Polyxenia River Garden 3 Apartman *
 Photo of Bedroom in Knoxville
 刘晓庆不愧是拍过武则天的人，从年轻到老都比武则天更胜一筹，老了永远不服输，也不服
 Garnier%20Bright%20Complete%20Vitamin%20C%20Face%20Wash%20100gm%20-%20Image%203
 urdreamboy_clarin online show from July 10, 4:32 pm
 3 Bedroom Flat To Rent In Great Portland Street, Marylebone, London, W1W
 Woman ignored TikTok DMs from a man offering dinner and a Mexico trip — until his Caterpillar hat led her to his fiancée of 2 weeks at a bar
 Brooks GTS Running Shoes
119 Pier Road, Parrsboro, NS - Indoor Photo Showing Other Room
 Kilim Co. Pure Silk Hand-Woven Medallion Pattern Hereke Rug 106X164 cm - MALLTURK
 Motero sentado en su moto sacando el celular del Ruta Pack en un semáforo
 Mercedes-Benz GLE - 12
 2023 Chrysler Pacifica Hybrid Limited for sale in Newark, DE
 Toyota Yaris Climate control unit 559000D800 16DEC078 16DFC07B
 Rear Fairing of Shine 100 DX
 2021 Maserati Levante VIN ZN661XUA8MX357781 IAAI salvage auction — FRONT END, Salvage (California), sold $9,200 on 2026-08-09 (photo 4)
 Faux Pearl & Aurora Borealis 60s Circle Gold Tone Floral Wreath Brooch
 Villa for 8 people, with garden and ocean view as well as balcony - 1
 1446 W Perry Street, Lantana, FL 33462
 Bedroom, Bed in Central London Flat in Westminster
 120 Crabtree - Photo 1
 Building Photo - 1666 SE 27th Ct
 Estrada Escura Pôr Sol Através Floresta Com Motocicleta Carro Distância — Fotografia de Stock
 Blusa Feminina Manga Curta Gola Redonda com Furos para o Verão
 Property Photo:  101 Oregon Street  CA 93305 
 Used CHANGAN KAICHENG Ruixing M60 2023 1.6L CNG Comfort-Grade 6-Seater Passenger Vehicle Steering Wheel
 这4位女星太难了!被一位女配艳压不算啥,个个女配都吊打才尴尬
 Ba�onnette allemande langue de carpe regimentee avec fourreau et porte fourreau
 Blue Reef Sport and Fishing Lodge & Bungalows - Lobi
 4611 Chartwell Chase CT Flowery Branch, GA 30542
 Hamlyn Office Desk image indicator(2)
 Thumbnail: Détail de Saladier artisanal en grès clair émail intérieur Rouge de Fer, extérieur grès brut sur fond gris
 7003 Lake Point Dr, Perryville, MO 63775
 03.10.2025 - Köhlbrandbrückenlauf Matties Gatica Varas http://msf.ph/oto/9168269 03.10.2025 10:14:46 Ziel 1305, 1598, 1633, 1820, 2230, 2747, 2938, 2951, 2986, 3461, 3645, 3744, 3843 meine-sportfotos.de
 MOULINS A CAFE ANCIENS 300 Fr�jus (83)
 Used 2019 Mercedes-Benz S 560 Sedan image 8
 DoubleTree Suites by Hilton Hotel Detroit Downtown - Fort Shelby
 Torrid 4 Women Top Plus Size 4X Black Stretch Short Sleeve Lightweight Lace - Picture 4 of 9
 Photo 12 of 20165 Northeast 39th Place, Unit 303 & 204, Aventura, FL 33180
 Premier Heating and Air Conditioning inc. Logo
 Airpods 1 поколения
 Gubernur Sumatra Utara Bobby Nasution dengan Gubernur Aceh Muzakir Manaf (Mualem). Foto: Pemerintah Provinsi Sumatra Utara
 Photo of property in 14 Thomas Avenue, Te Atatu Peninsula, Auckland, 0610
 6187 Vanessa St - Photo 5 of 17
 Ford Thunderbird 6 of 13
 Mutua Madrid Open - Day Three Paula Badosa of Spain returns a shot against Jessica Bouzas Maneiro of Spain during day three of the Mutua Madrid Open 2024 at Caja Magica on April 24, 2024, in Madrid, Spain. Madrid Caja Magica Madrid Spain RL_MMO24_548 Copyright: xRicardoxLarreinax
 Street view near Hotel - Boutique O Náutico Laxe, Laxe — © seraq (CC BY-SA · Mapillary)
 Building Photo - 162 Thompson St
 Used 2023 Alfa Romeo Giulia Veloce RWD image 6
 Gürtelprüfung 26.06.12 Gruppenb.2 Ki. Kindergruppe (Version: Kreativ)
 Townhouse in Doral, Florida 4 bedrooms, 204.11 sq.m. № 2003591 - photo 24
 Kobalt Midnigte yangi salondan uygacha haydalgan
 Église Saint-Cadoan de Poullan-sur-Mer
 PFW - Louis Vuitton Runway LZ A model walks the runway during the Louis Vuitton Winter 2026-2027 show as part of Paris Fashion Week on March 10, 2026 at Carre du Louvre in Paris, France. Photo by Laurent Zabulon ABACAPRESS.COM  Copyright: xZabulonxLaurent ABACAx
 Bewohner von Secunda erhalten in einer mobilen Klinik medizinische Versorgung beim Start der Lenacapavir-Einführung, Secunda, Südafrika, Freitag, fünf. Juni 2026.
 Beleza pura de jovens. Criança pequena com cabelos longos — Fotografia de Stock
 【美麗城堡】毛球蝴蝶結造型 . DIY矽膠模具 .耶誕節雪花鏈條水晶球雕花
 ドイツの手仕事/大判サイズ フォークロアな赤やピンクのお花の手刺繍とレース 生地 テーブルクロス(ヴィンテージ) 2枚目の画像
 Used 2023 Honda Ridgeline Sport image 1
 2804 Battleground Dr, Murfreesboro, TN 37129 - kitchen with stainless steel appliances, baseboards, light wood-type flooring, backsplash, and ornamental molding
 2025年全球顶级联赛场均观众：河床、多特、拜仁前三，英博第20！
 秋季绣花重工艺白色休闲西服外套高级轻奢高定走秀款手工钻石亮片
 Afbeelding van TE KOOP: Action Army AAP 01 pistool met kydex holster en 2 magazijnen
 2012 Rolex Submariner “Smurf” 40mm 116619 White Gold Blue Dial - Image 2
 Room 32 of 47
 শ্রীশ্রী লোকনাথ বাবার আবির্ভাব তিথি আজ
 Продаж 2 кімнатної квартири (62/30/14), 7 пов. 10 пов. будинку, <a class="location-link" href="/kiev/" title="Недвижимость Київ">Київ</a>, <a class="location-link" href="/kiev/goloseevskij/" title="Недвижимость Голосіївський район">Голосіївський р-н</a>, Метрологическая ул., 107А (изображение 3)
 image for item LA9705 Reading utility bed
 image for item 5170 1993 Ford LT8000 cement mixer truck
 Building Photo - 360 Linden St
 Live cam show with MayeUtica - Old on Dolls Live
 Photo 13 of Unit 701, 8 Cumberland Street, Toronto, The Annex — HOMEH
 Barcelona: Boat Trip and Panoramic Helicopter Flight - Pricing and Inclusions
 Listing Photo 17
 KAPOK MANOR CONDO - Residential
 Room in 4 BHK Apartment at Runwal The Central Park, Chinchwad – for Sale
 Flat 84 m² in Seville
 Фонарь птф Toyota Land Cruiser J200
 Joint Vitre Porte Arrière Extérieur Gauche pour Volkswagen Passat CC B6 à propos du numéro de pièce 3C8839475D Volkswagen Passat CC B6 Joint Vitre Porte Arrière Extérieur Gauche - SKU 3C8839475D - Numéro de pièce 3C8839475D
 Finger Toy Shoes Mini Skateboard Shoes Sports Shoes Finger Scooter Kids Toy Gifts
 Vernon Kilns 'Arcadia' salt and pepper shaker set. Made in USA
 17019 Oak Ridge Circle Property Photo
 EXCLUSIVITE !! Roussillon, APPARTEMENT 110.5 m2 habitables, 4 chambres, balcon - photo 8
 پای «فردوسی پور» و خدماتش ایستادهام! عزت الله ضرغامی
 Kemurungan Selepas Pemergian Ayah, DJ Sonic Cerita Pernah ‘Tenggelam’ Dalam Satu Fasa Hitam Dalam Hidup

▸ DIRECTIONS: Please write out, exactly as they appear above, only the lines in the stretch from the line with "Building Photo - 162 Thompson St" through the line with "Kobalt Midnigte yangi".

▸ TASK ANSWER:
 Building Photo - 162 Thompson St
 Used 2023 Alfa Romeo Giulia Veloce RWD image 6
 Gürtelprüfung 26.06.12 Gruppenb.2 Ki. Kindergruppe (Version: Kreativ)
 Townhouse in Doral, Florida 4 bedrooms, 204.11 sq.m. № 2003591 - photo 24
 Kobalt Midnigte yangi salondan uygacha haydalgan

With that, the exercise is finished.